Cosa non convince del ddl Anticorruzione

  1. I Partiti hanno emendato il disegno di legge per poi proporre in modo bipartisan ordini del giorno che ripropongono sostanzialmente i contenuti emendati (vedi il caso della delega al governo, data fino al 2013 con un emendamento del pdl ma con l’obbligo di provvedervi quanto prima con un odg bipartisan)
  2. Si inserisce la possibilità che per i reati coinvolgenti la Pubblica Amministrazione possa richiedersi l’arbitrato anziché essere sottoposti al potere giudiziario. Cioè essere giudicati da un privato invece che da un potere pubblico.
  3. I pubblici impiegati coinvolti e condannati non potranno ricoprire il ruolo di dirigenti anche per sentenze di primo grado, mentre i politici solo per sentenze di condanna definitive, entrambi per un periodo troppo breve (se non erro 3 anni).    E se il pubblico impiegato corrotto non fosse un dirigente ma sia stato coinvolto in casi di corruzione da semplice quadro o impiegato? Nulla, resta al suo posto.    Perché la differenza di gradi? Si continua a propagandare di voler ottenere l’eguaglianza tra i cittadini e i politici e poi si continuano a creare trattamenti di maggior favore? Si proponga per entrambe le categorie lo stesso grado di giudizio! E poi, ha ragione Di Pietro nel chiedersi se un mafioso in primo grado è meno pericoloso di un mafioso in terzo grado.    Meglio sarebbe imporre per entrambi il primo grado e prevedere, nel caso di successiva assoluzione o proscioglimento, un eventuale risarcimento.
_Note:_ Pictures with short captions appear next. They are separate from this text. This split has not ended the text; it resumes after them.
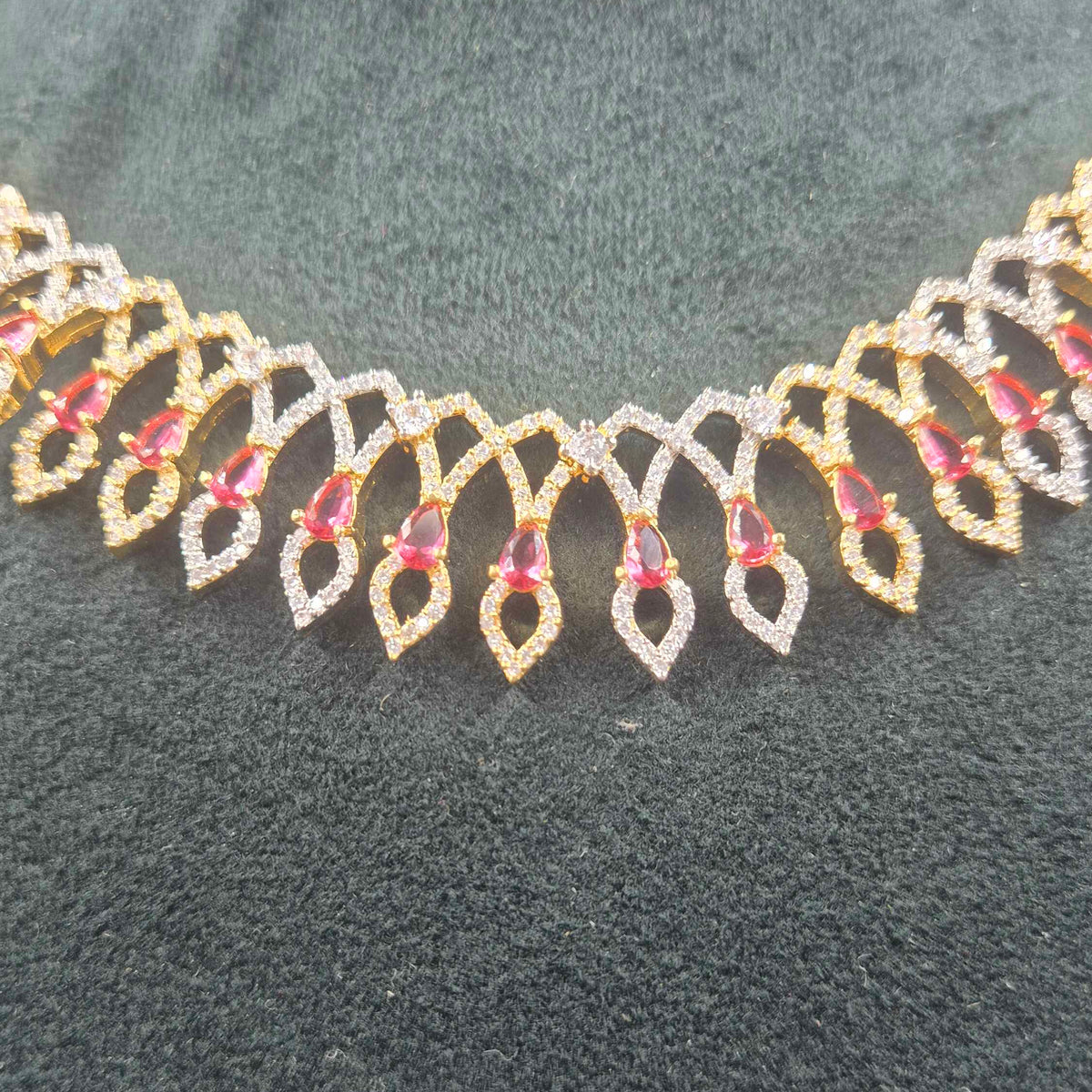 Ruby CZ Leaf Necklace Set | Elegant Gold Finish Designer Jewellery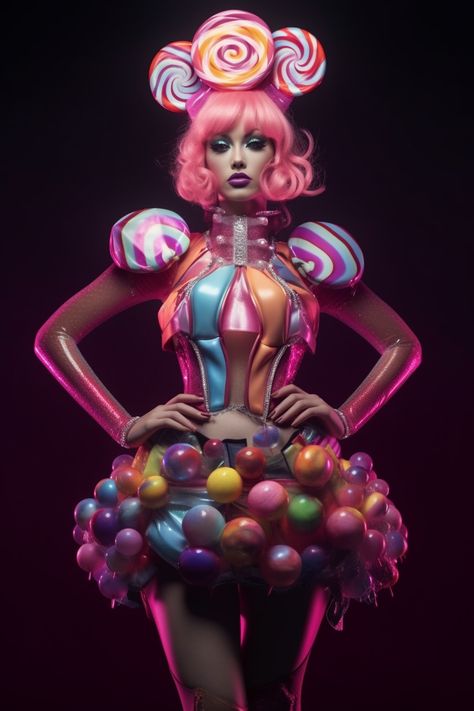 Sweet Costume Ideas, Candy Fantasy Land, Candy Fashion Design, Candyland Outfit Women, Candy Land Makeup Ideas, Candy Land Costumes Women, Candy Dress Costume, Candy Land Theme Outfits, Candy Theme Outfit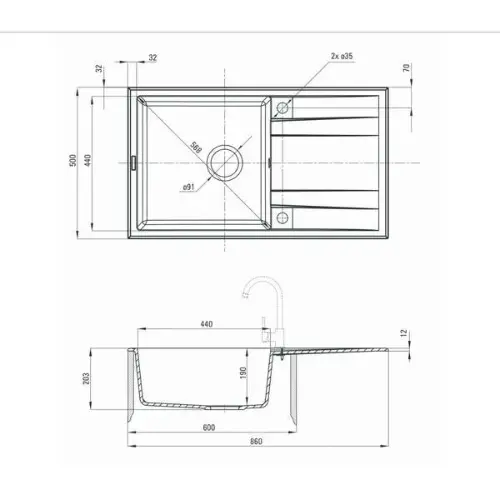 Deante Eridan ZQE G113 ugradna METALLIC Graphite 860x500/209mm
  4. Pur se condannati, manca la possibilità della confisca dei patrimoni illeciti percepiti dai politici
  5. si elimina la figura della concussione per induzione, la più ricorrente nel mondo di tangentopoli, introducendo una fattispecie di “induzione indebita” per la quale è colpevole sia il pubblico ufficiale sia il privato sull’idea falsata che il privato -poiché non costretto ma “indotto”- ha comunque un margine di scelta.    Come se fosse facile per un privato che si sia sentito dire “o assumi quell’uomo o ti faccio chiudere” (o simili “induzioni”) scegliere la cosa più giusta da fare

In ogni caso resta sempre il punto principale, ovvero che in un Paese normale un personaggio pubblico coinvolto in reati gravi si dimetterebbe e, se questa prassi fosse seguita anche in Italia, non avremmo bisogno di un disegno di legge partorito a stento dopo una lunghissima gestazione parlamentare.